First, The Squash Hut. Selected songs by Samuel Scheidt, Heinrich Schütz, Johann Hildebrand, Heinrich Albert, Johann Bach, Andreas Hammerschmidt, Johann Nauwach, Johann Hermann Schein and Michael Jacobi (Dorothee Mields, soprano; Hathor Consort, Romina Lischka, conductor). This music was composed in Königsberg during the 30 Years’ War, completely ethereal.
Next, the Chicago Symphony with Jaap von Zweden directing, on Wagner, Rachmaninoff, Grieg and Tchaikovsky, and the compositions were so original, I could hardly believe it. Denis Kozhukhin was on piano.
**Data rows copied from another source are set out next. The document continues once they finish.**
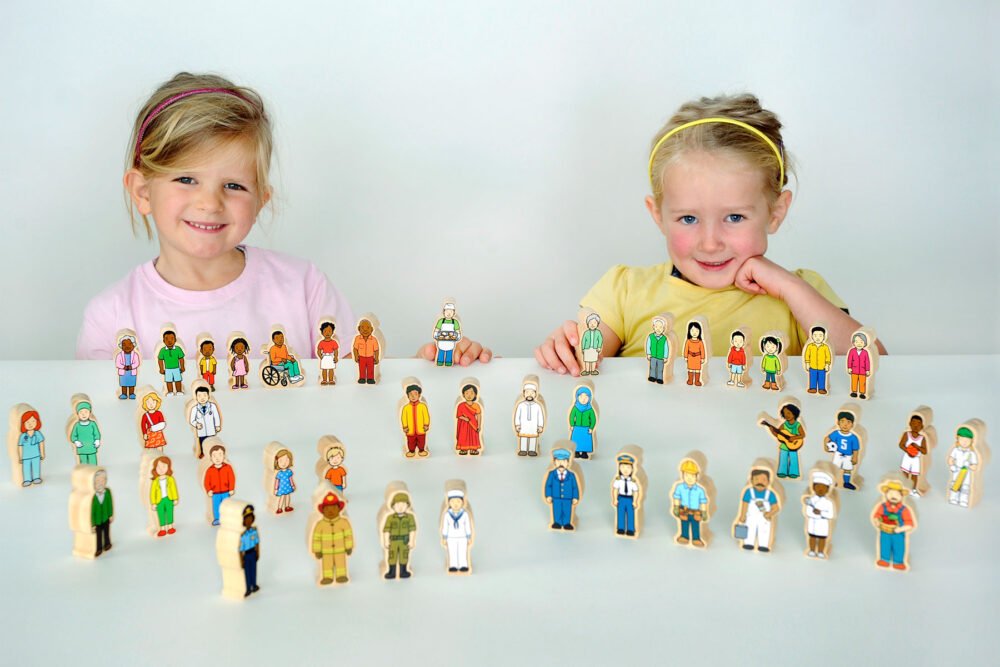 Oamenii-satului-The-Freckled-Frog-1 Oamenii satului | The Village People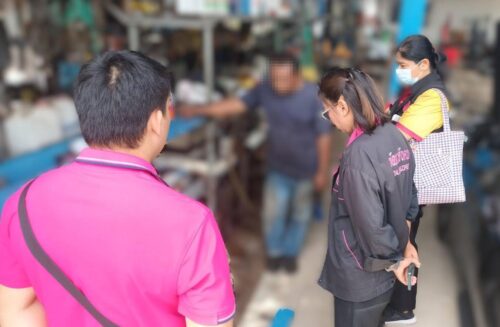 ลงพื้นที่เพื่อให้ความช่วยเหลือชายสูงอายุ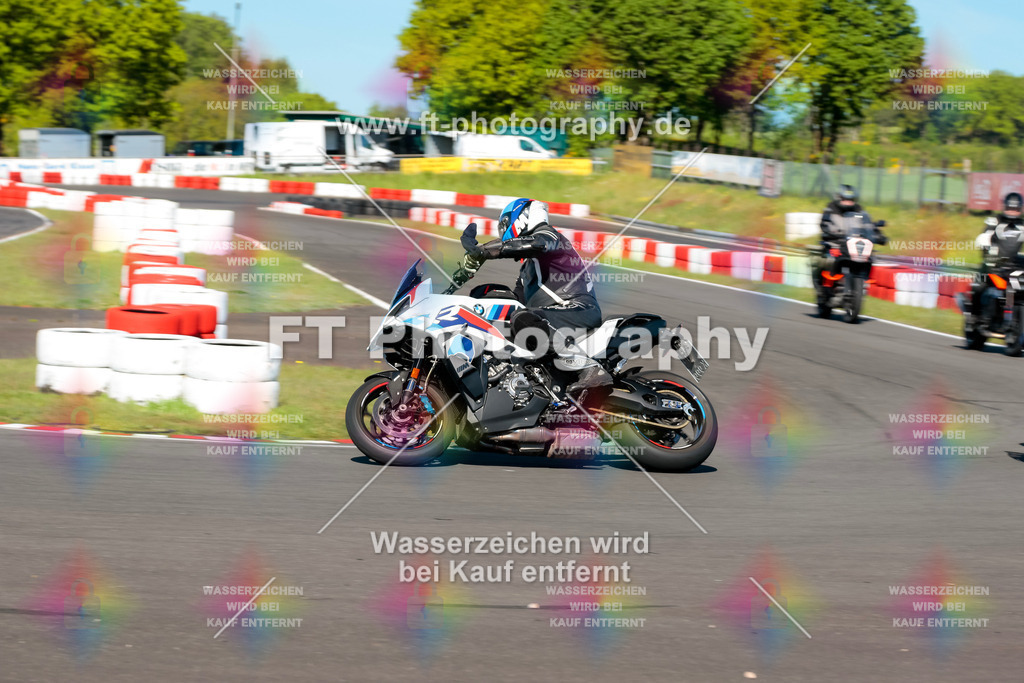 Moto-TeamOBK-21469 | Hier findet Ihr Bilder von Touristenfahrten auf der Nürburgring Nordschleife oder von anderen Veranstaltungen die ich besucht habe. Viel Spass beim Durch Schauen 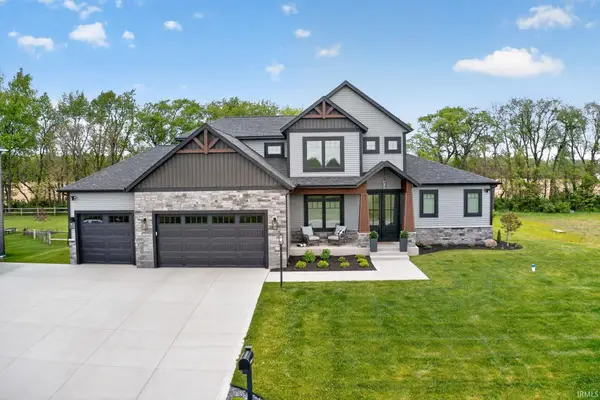 15111 Gossamer Trail, Granger, IN 46530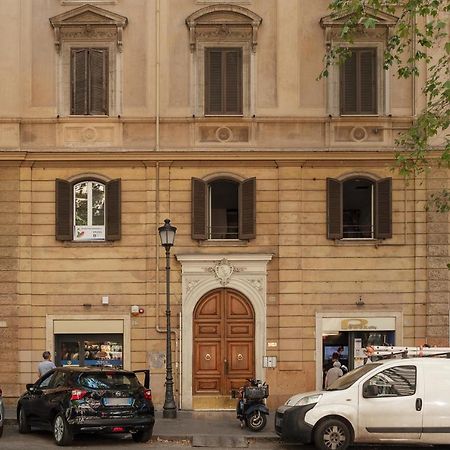 Piazza Di Santa Maria Maggiore Cosy Apartment ローマ エクステリア 写真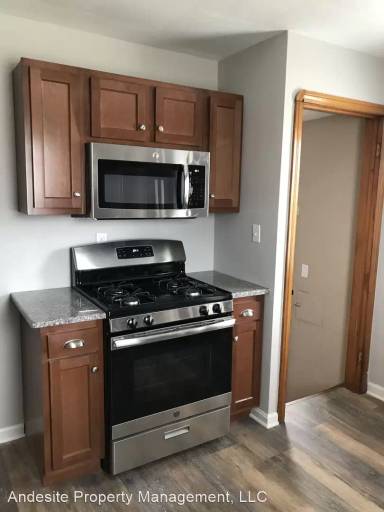 Main picture of 3322 Brookdale Ave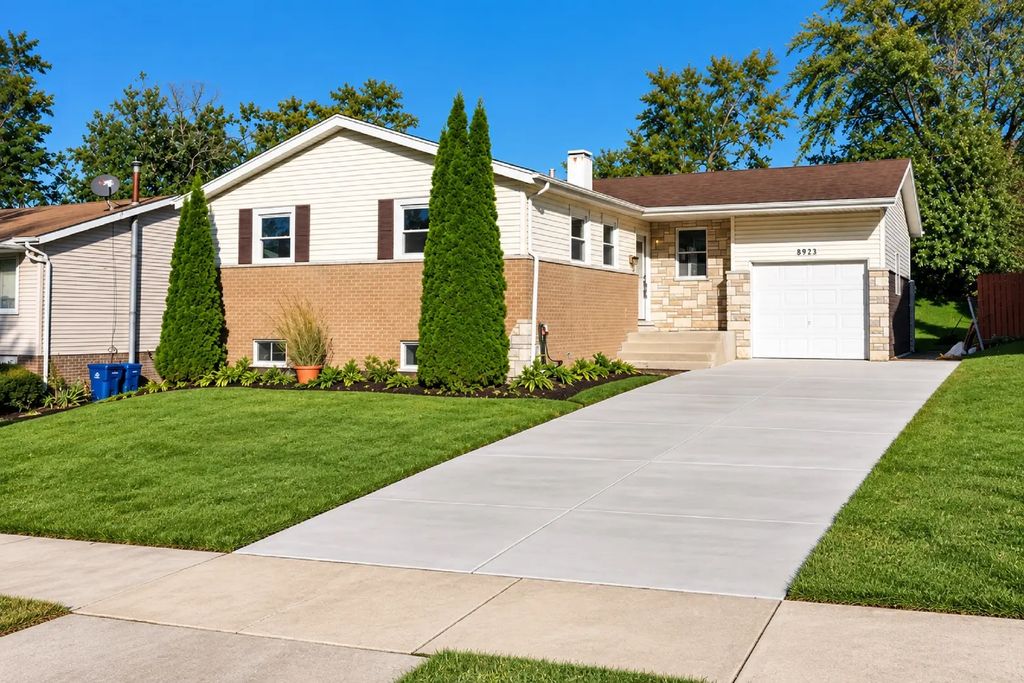 8933 S Oakwood Drive, Hickory Hills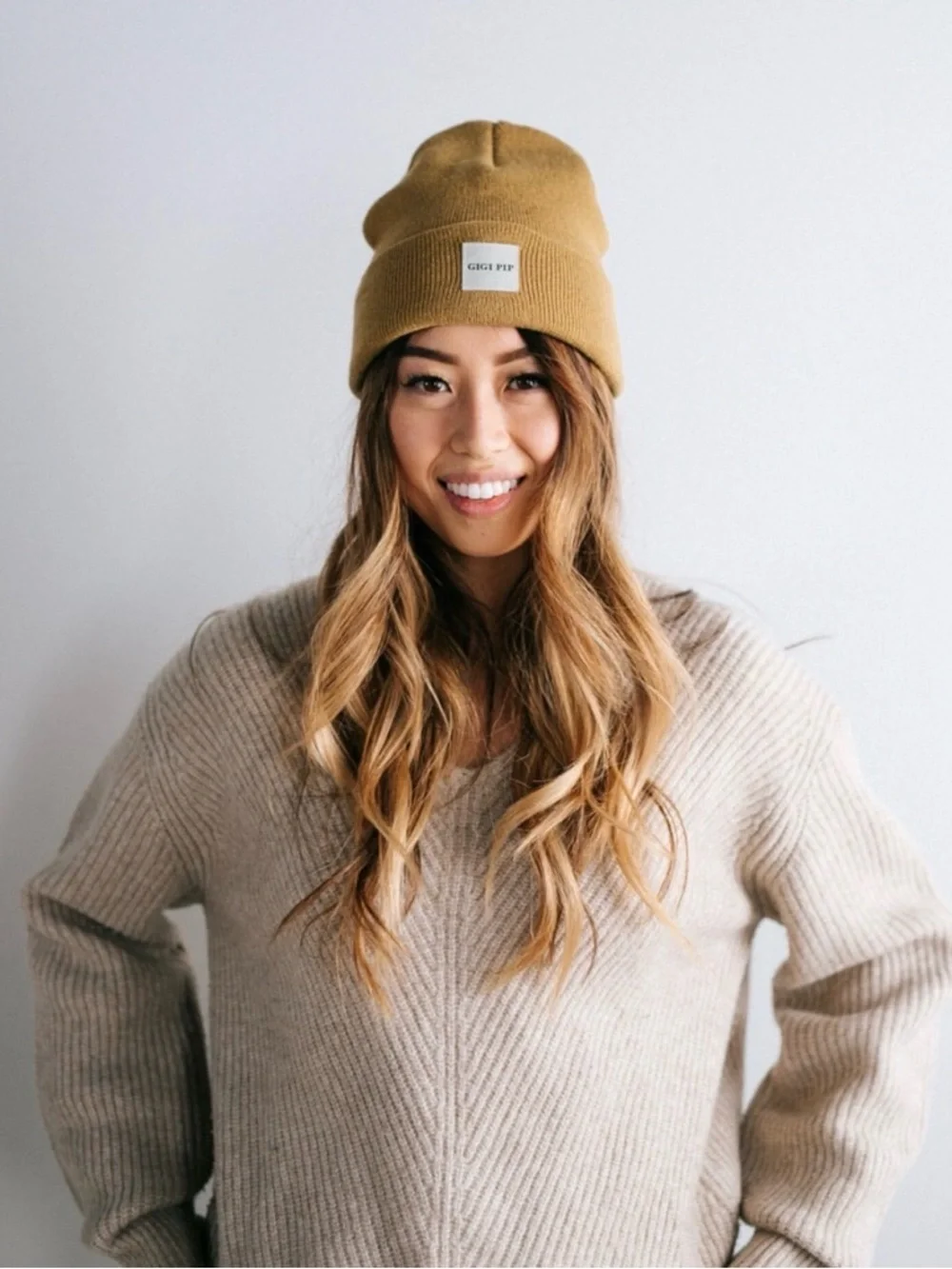 GIGI PIP Gold Knit Beanie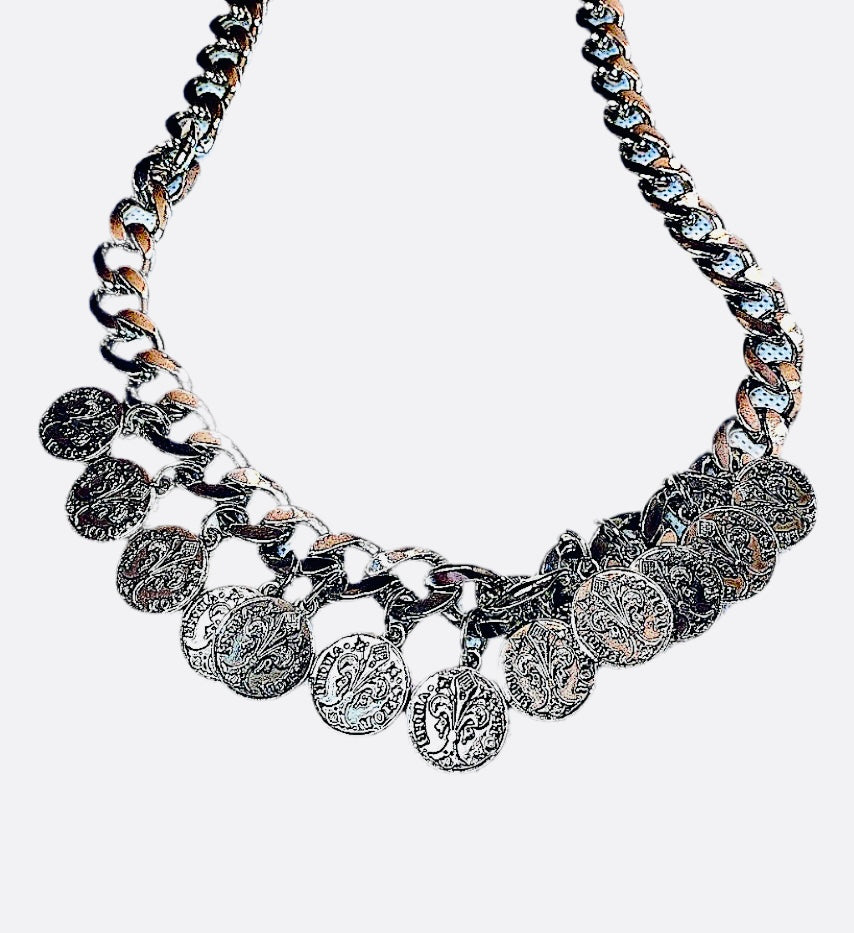 Silver Plated Pendant Necklace!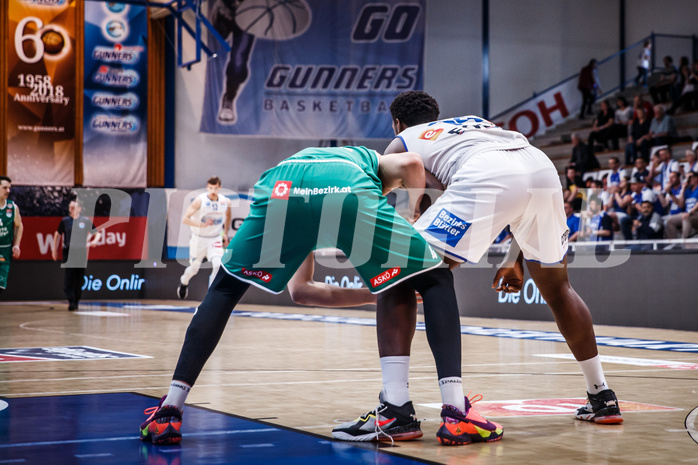 Basketball, bet-at-home Basketball Superliga 2021/22, Playoffs, Viertelfinale Spiel 3, Oberwart Gunners, Kapfenberg Bulls, Emondre Rickman (14)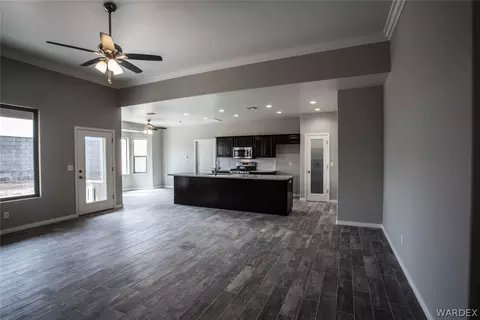 2040 Comanche Dr, Kingman, AZ 86401 photo 3
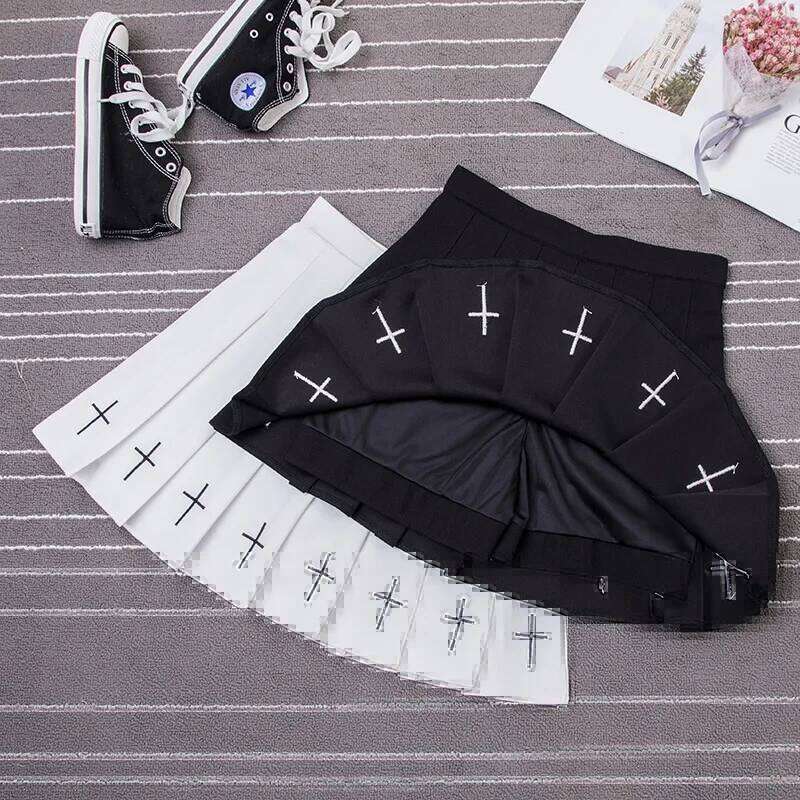 2020 Women Harajuku Sweet Fresh Feeling High Elastic Waist Cross Embroidery black skirt Pleated Skirt Z260314
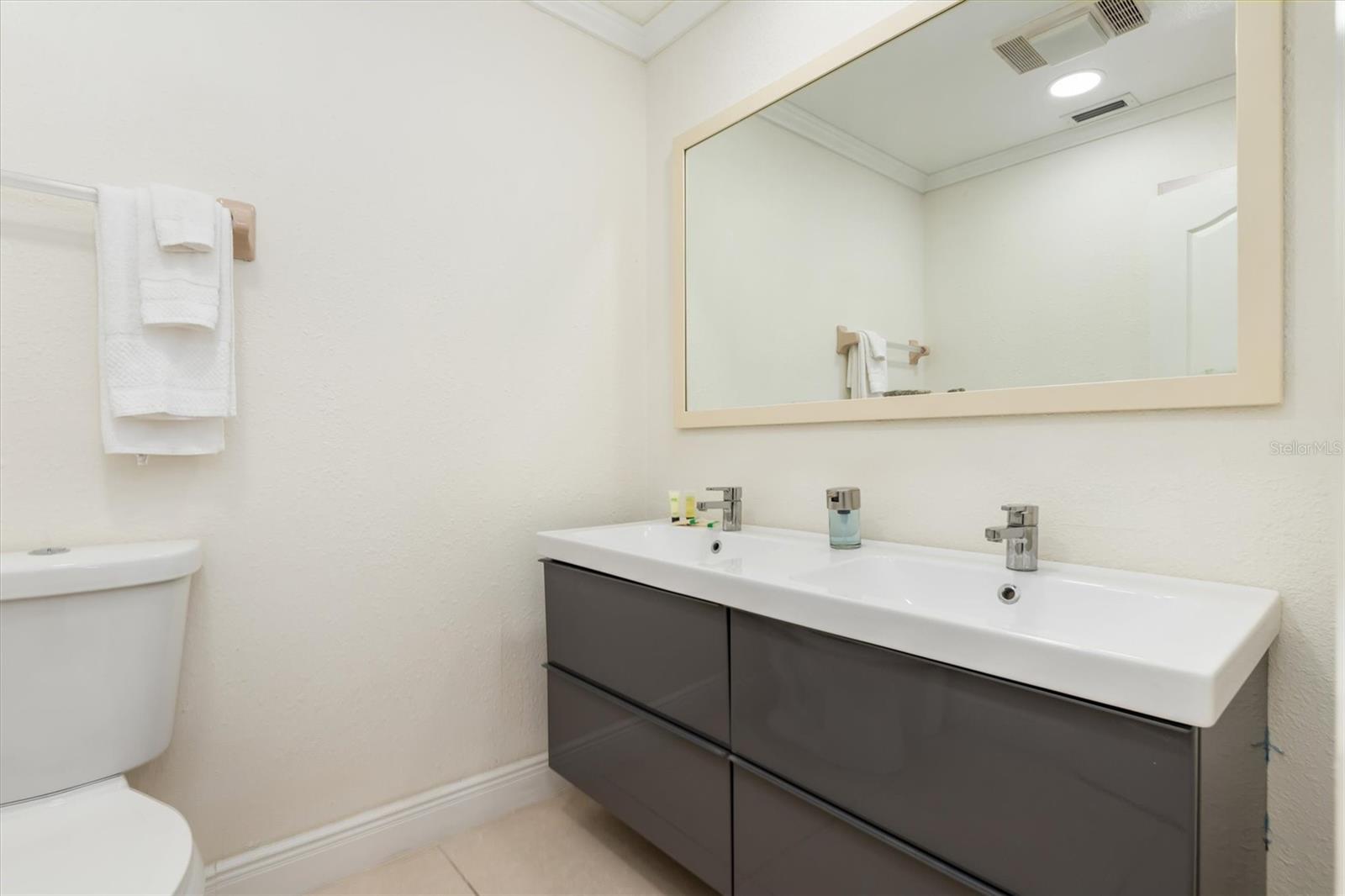 2368 PELLAM BLVD, PORT CHARLOTTE, FL, 33948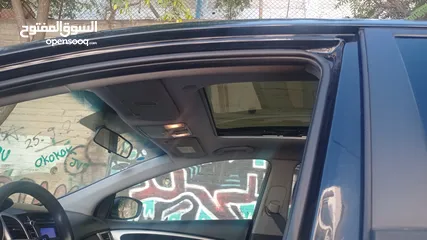  2 هيونداي i30 سنة 2016 اوتومات مع فتحة بانوراما....نخب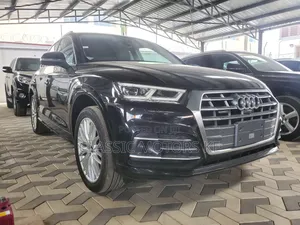 Audi Q5 2018 Black
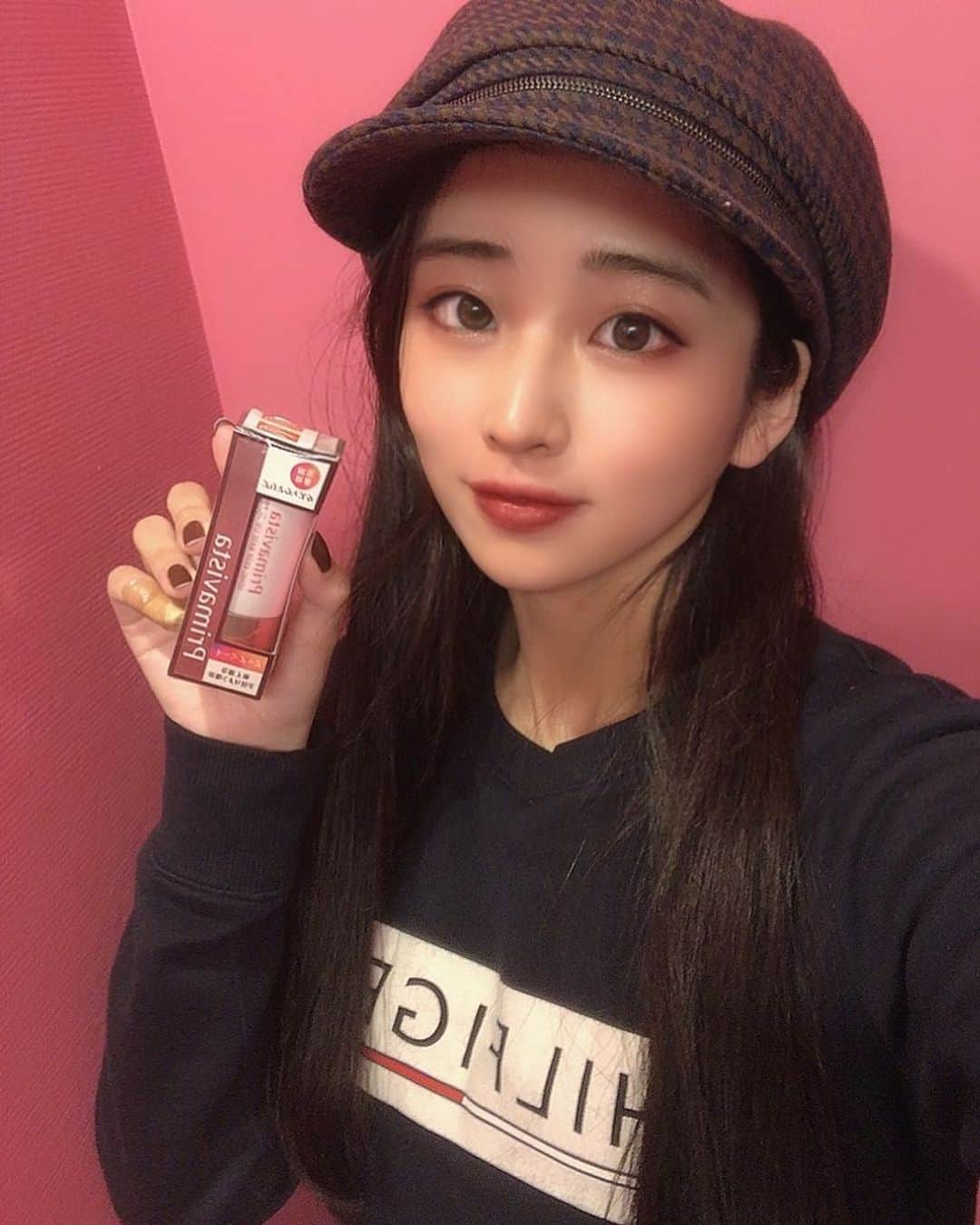 のインスタグラム：「マツキヨ限定のプリマヴィスタ に合わせて　青×赤コーデ💄  マツキヨ限定のプリマヴィスタ🤎は赤と青のとても素敵なパッケージ！ それに合わせたウィンターコーデをしてみました！  スマホケースとネイル💅　 は大好きなボルドー❤️  ワンピースはトミーらしく ネイビーと白と赤🤎  このプリマヴィスタの下地は お肌の色をとても明るくしてくれるので、 顔が明るくなるから とても嬉しい！ マスクをしても崩れにくいし、 花王さんののソフィーナコスメなので 肌の弱い方にも安心！  冬場たくさん使わせてもらいます！  #マツキヨ限定のプリマヴィスタ #プラマヴィスタ #化粧下地 #プリマヴィスタ下地　#ソフィーナ　#ベースメイク　#メイク下地　#マスクメイク　#トーンアップ #トーンアップなのに崩れにくい　#崩れにく#在宅メイク　#ウィンターメイク　#キャスケット　#ネイビーコーデ　#ボルドー　#tommy  #tommyhilfiger #onepiece #red #blue #makeup #skincare #花王」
Kant and E.T.A. Hoffman were from Königsberg, and my great-great grandfather Вениамин Βαρи graduated from Talmudic school there. It is said that he destroyed his letters from Marx when he moved back to the Russian Empire, but I have heard his letters to Marx are archived in the Kremlin.
Βαρи, in the period after Königsberg and before St. Petersburg, studied with Alexander von Humboldt. The family claims this was at Leipzig but I don’t know that Humboldt taught there, and I have seen B.’s baptismal certificate (Humboldt thought conversion unnecessary and unwise) from Berlin, made in 1833. The family does say B. went to study in Paris with Humboldt when he was posted there by Frederik Wilhelm, and came back to Berlin with him when he was called back.
Königsberg was almost entirely destroyed in 1944-45 and the USSR executed all remaining inhabitants, so Kaliningrad has almost nothing to do with the city that was literally wiped off the map. I have decided to be nostalgic for it. Mitau, my ancestor’s childhood town, was also destroyed, and also rebuilt as a Soviet industrial town.
To finalize this evening’s cultural excursion we are jumping to someone completely different: Gayl Jones, since after all, my homelands were destroyed and I live in the United States, which like many, is a more interesting place than may meet the eye. And by now I am listening to Sonny Boy Williamson, and so should you, because he, like the composers and musicians mentioned above, has duende.